> **WHAT IS BEING ASKED**: Pictures must not appear in the copy. Restate exactly the lines below from the one with "Coleccionismo &aacute;lbum: Dif&iacute;cil" through the one with "Urban Decay Naked Reloaded Eyeshadow Palette", inclusive.

> **DATA LISTING**:
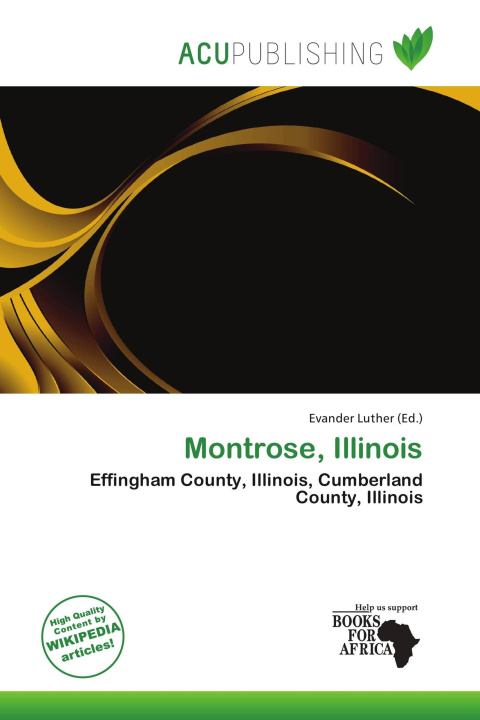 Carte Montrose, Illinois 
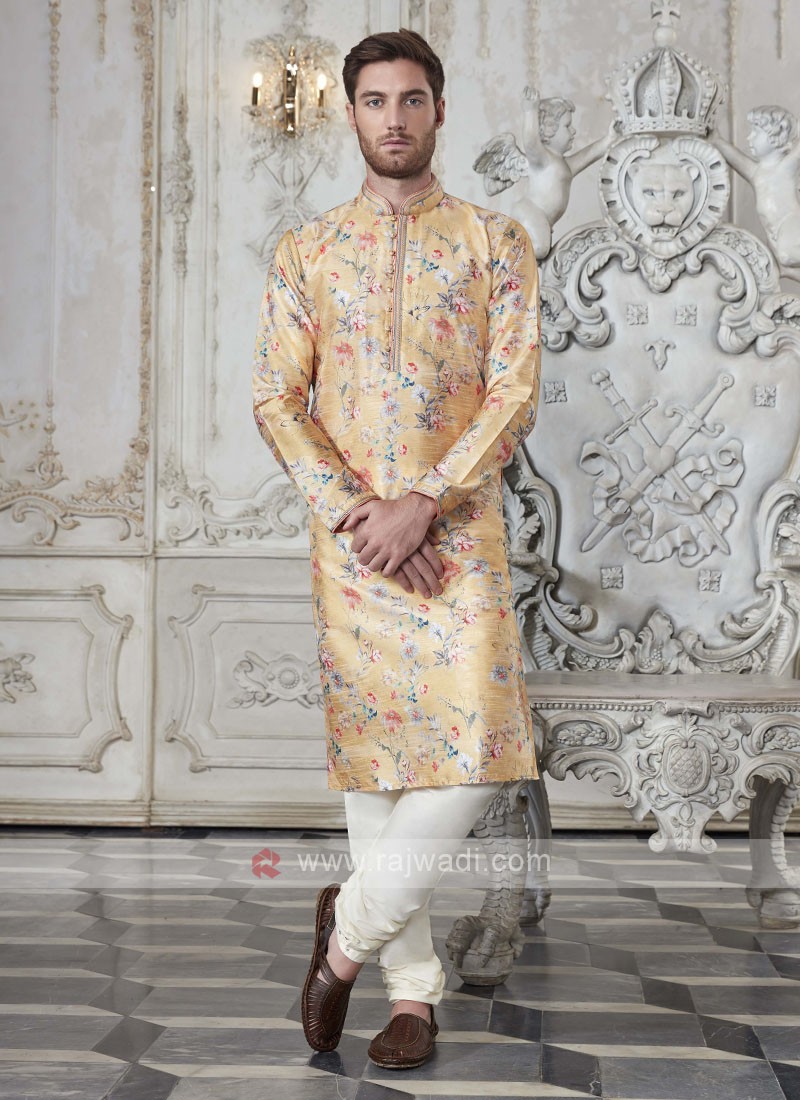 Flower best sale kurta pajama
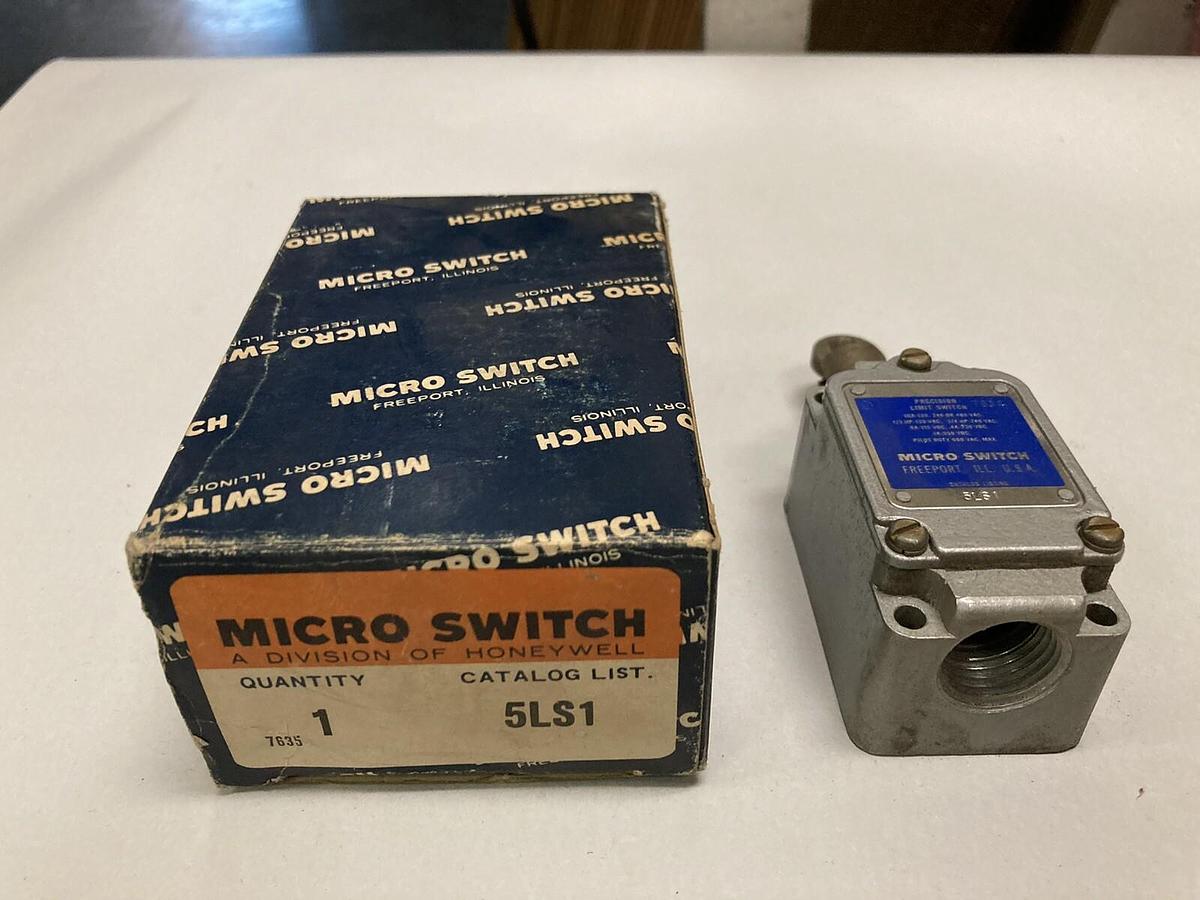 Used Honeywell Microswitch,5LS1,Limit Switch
---
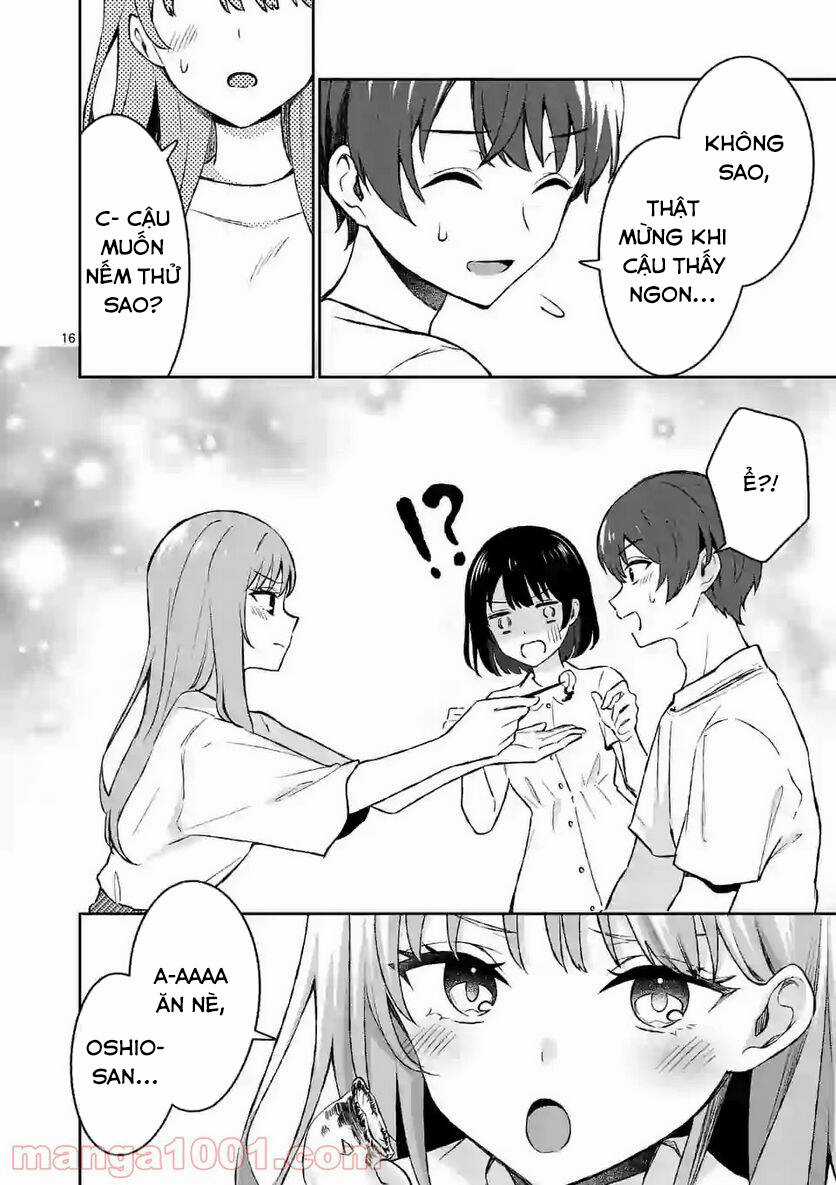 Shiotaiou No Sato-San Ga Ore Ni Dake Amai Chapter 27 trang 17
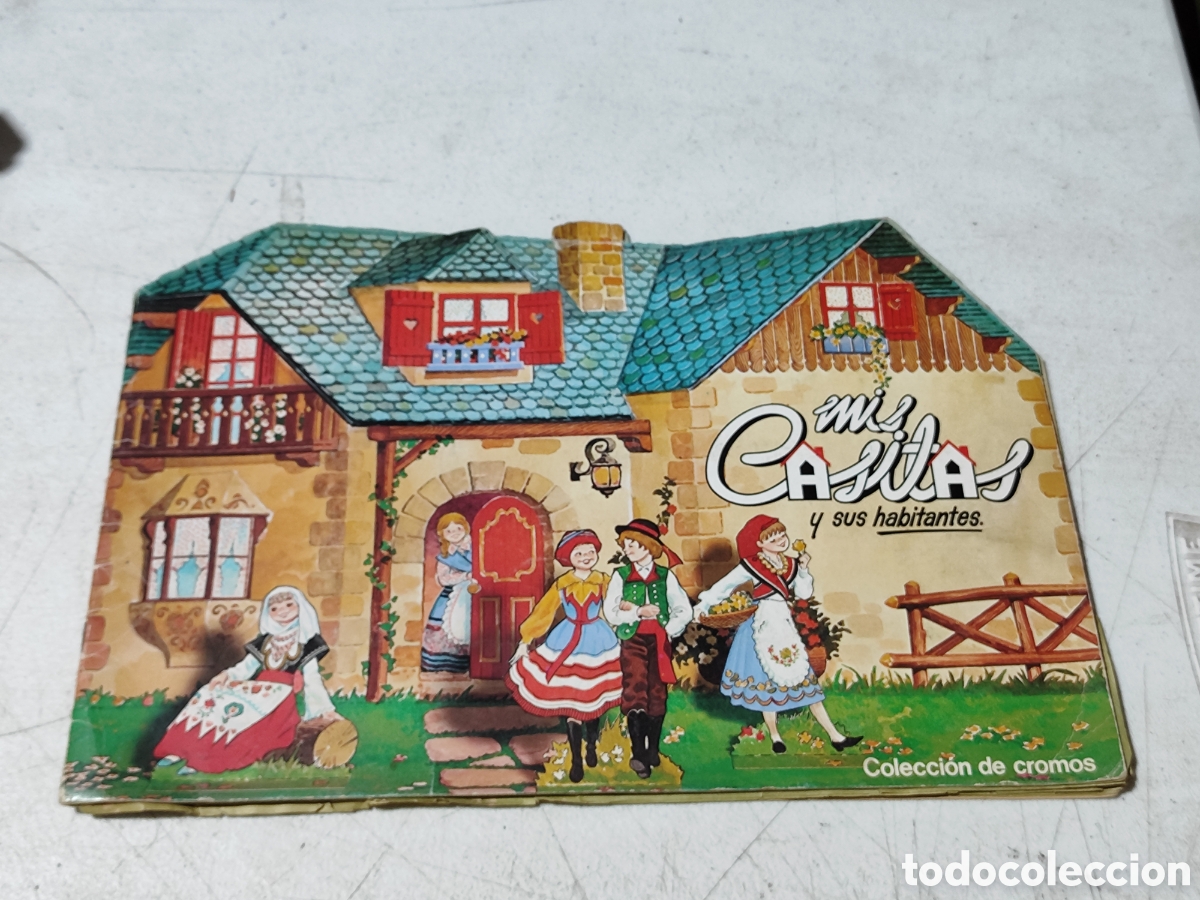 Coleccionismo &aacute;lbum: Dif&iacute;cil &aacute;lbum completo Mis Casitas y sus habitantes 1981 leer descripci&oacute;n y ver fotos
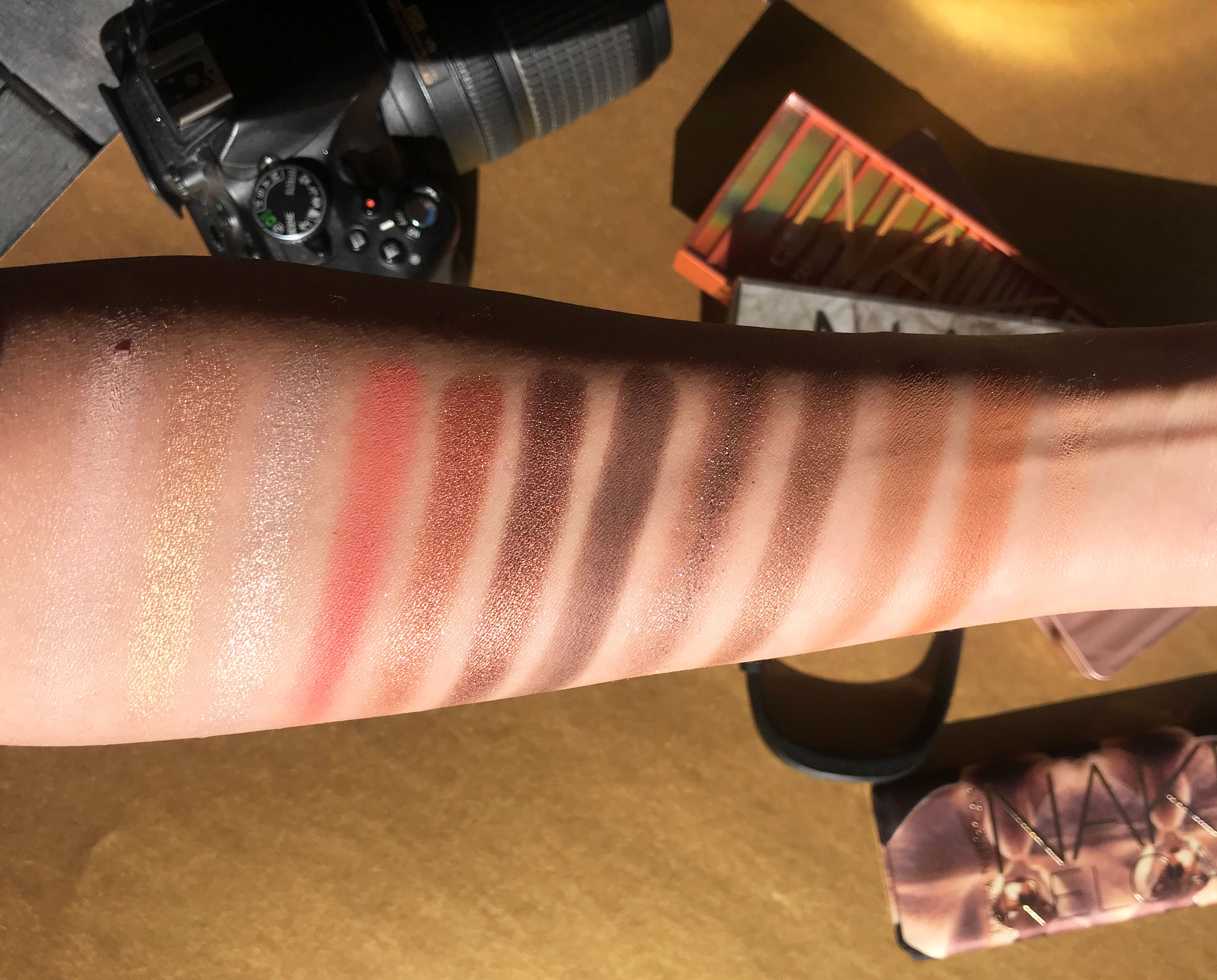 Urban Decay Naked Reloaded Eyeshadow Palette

> **ANSWER SPACE**:
 Coleccionismo &aacute;lbum: Dif&iacute;cil &aacute;lbum completo Mis Casitas y sus habitantes 1981 leer descripci&oacute;n y ver fotos
 Urban Decay Naked Reloaded Eyeshadow Palette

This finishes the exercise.